Many women feel well enough to resume sex 6 to 8 weeks after but 8 is typical for the doctor to ok having it again.
Your husband should not have blogged your difficulties on Facebook.
The throwing up isn't normal either - while it could be anything a hormone imbalance can make you really nauseous.
If you are breastfeeding you need to eat to support your healing and to feed your growing child.

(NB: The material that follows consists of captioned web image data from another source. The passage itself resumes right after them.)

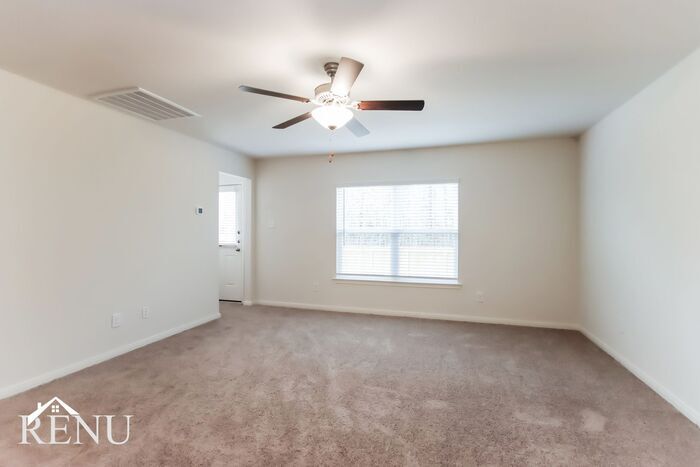 Building Photo - 10474 Sweetwater Creek Dr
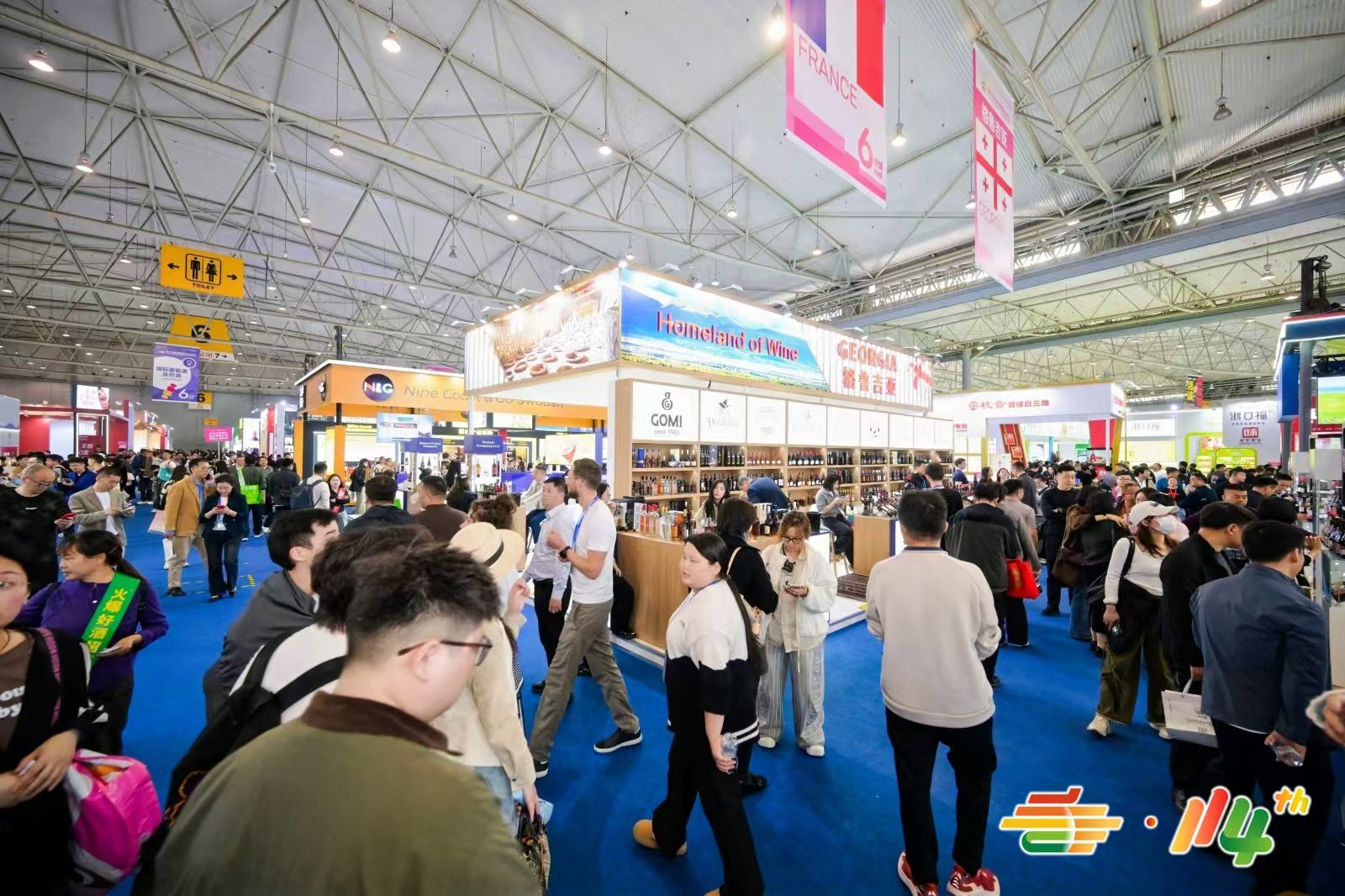休闲肉零食：从 “低价走量” 到 “品质溢价” 的转型之路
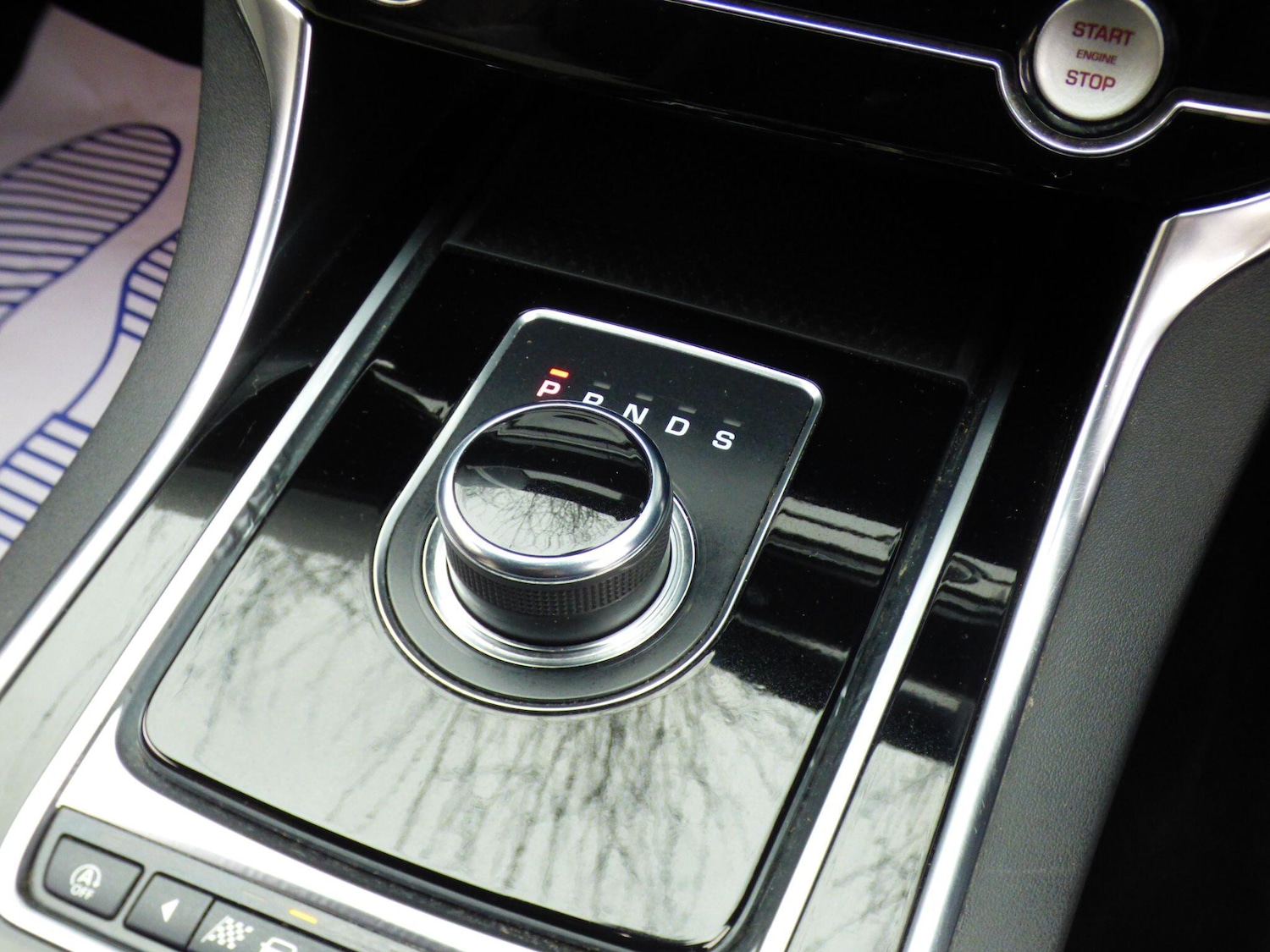 Used Jaguar XE 2019 for sale - 78011872: Photo 15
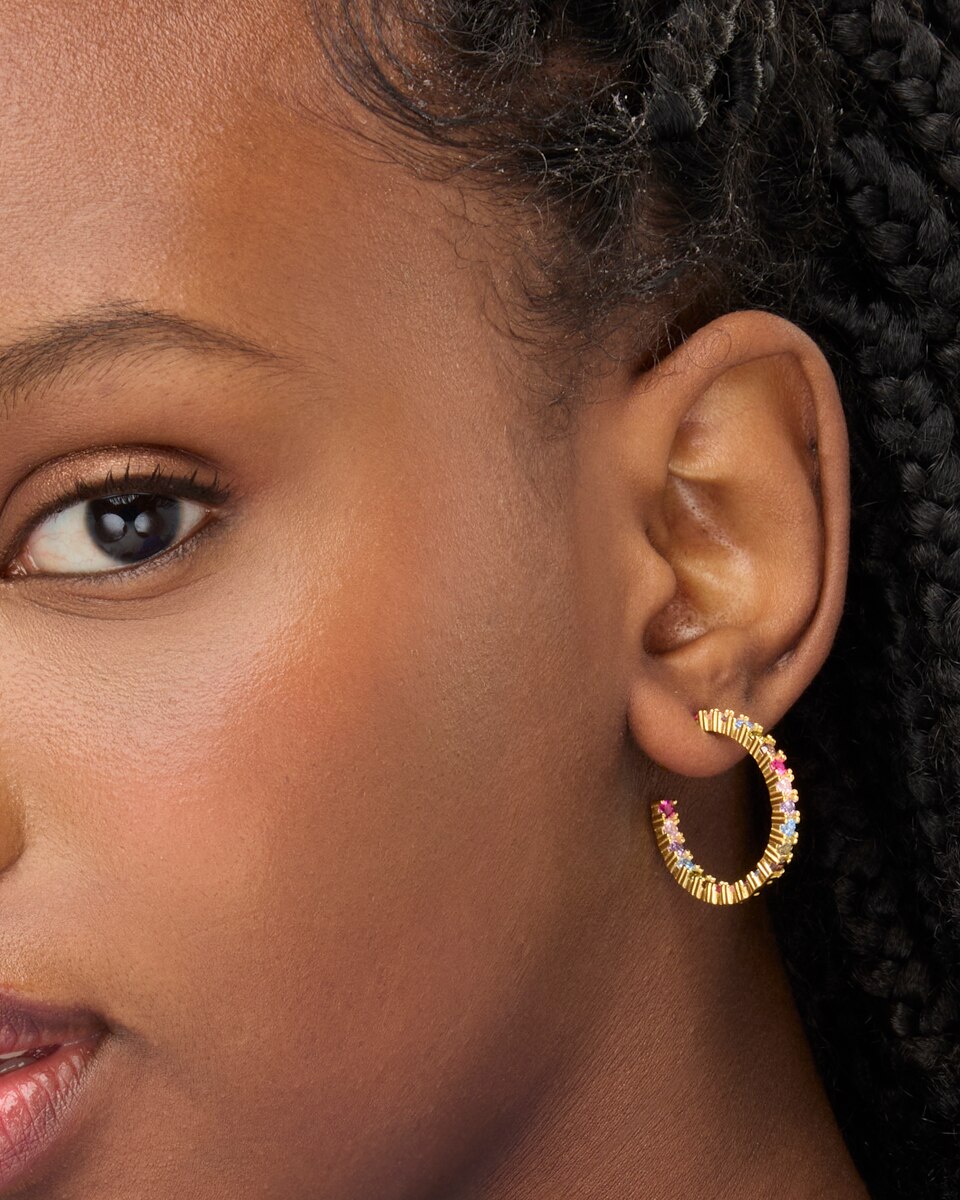 Brincos de Argola Trendy de Prata de Lei 925 com Acabamento em Ouro de 18 Quilates e Zirconita Multicolor Ouro-4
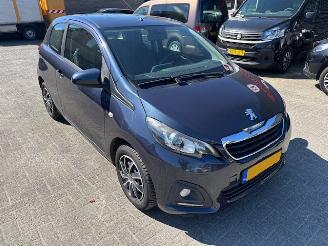 krockskadad bil auto Peugeot 108 1.0 VTI Active airco nap 2015/1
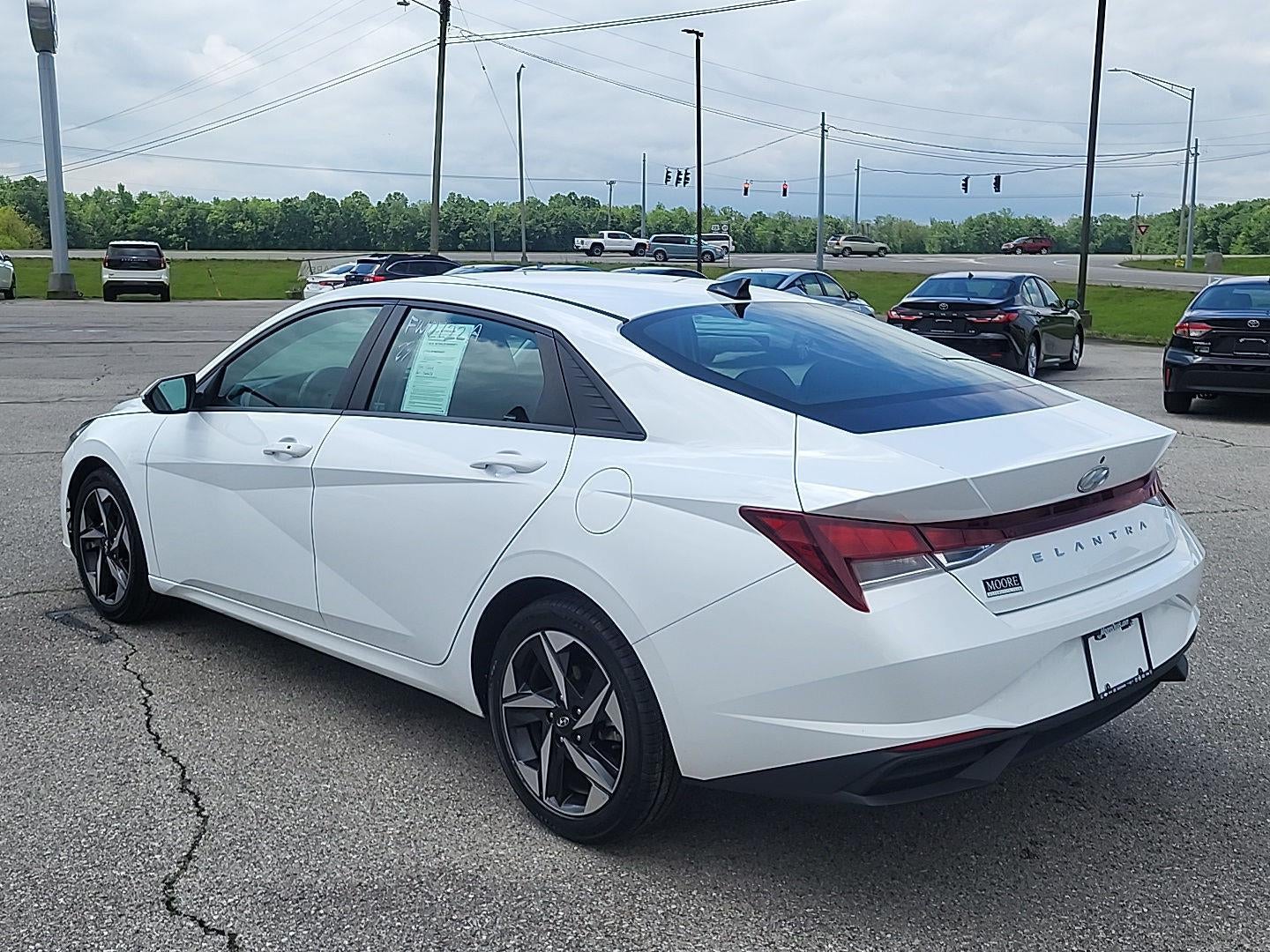2023 Hyundai ELANTRA SEL
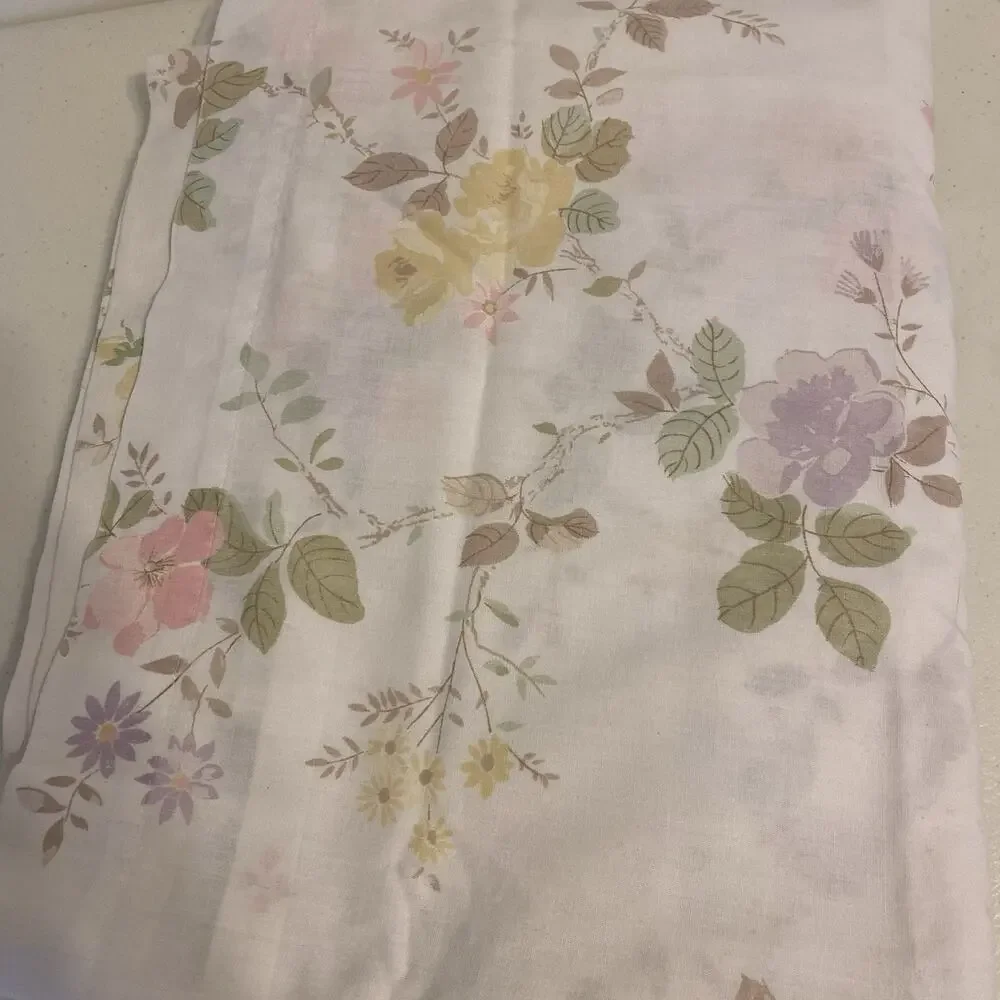 VTG Cotton Blend Twin Size Flat Sheet Floral Cottagecore Home Collection 80x90”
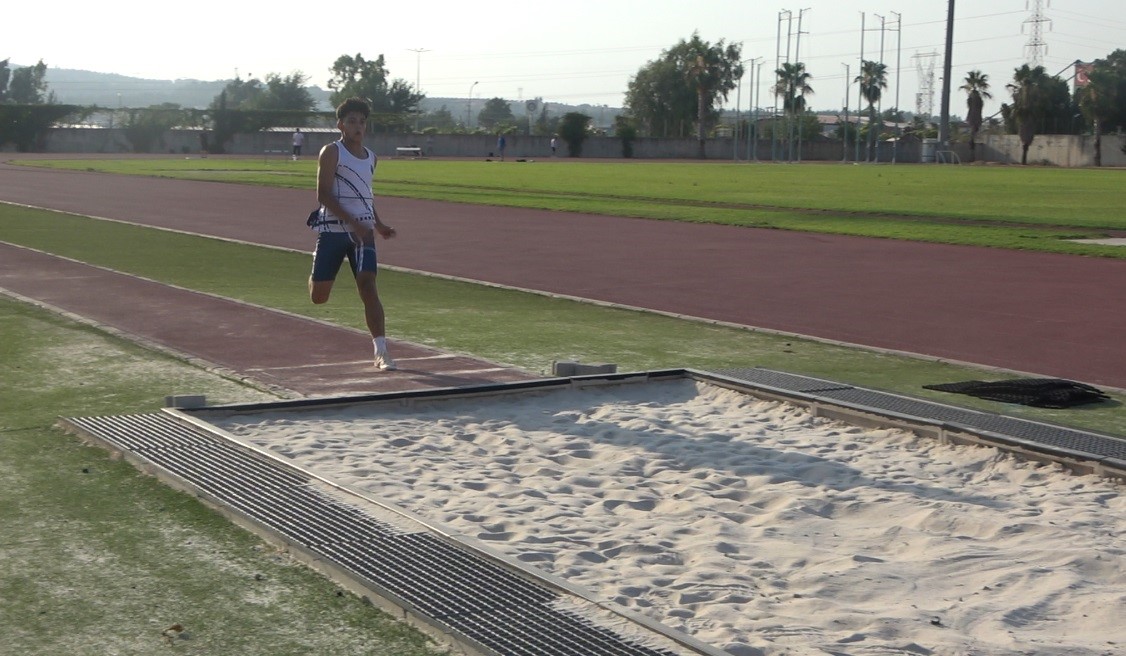 Depremzede sporcu, park ve ormandan madalyaya uzandı
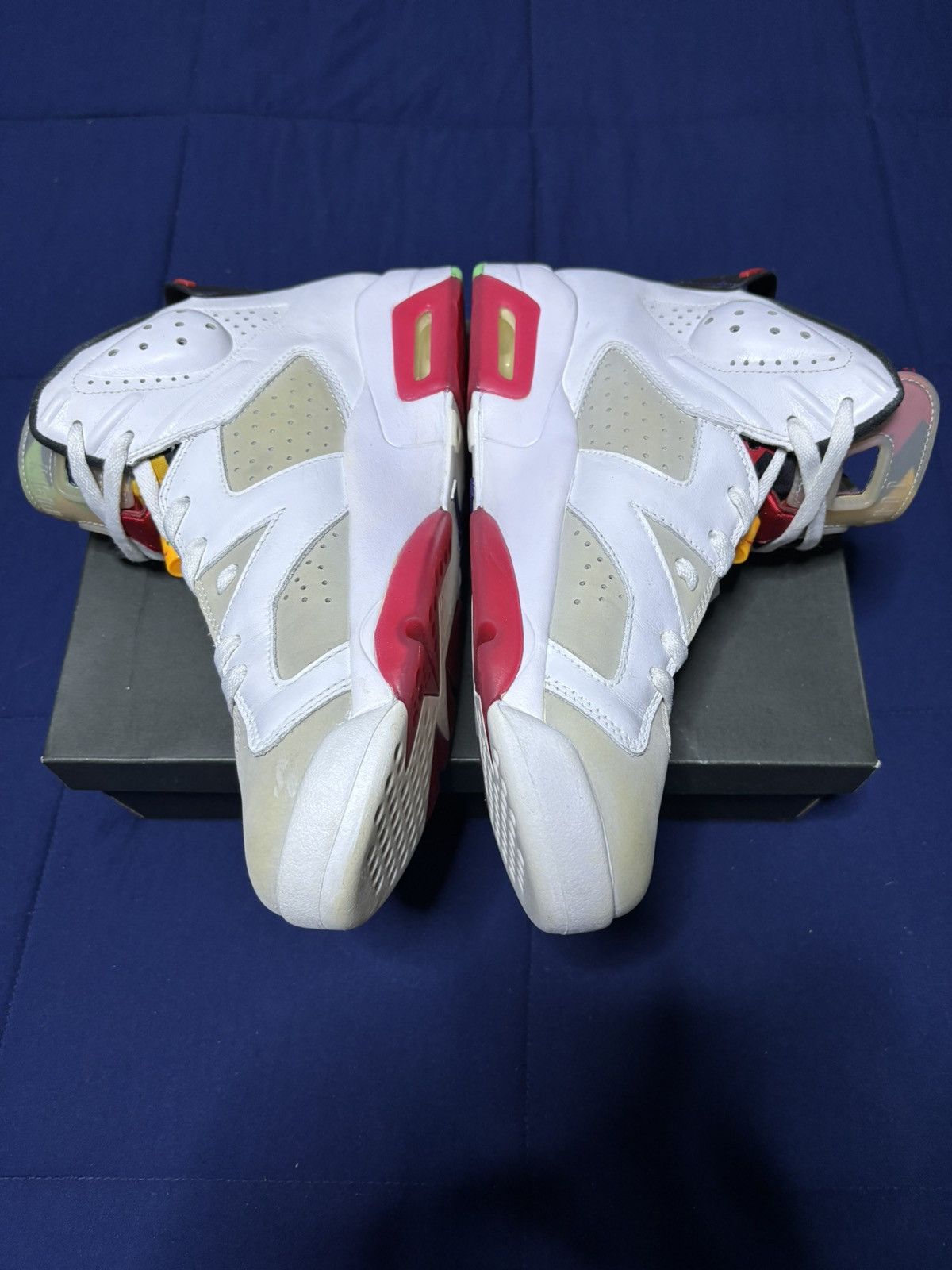 Jordan Brand Jordan 6 Retro Hare 2020 Size 10.5 Size US 10.5 / EU 43-44 - 3 Thumbnail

Having a new born really is exhausting - your body needs rest to heal and it doesn't sound like you are healing.
welcome to mamapedia, PomPom Girl.
Congratulations on your new baby!!
Sorry - but I don't remember vomiting after having my children. Nor do I remember sex being painful 3 months after childbirth.
Sounds like you need a new OB/GYN.
You didn't say if you had surgery or not for your delivery. It sounds like you might have some type of infection or adhesion that is causing the pain. I would go to a different gyn to get an examination to see if there is some type of internal cause of the pain. I've heard of all sorts of problems after surgery....sponges left inside, infections and so on.
As far as your husband...I would sit down and draw the line about what is private and what is public. Have him delete any public posts about your personal information.
My husband and I did have a conversation many years ago about what information was completely private. We decided that neither one of us could reveal information about the other. So if I choose to discuss my medical information with others, that's my choice, not his and vice versa. There are also other things that I don't want others to know about. Even though we are intimate regularly, I choose to sleep in a different room because I have had insomnia my whole life and I am a much nicer happier person when I get a good night of sleep (and he snores). This is private information that I do not share with others and we agreed he would not share either. Our sex life is one of those completely confidential topics (plus I don't think anyone really wants to know that stuff)
Some of this seems like common sense, but everyone has their own opinion about what is private. It deserves a long discussion.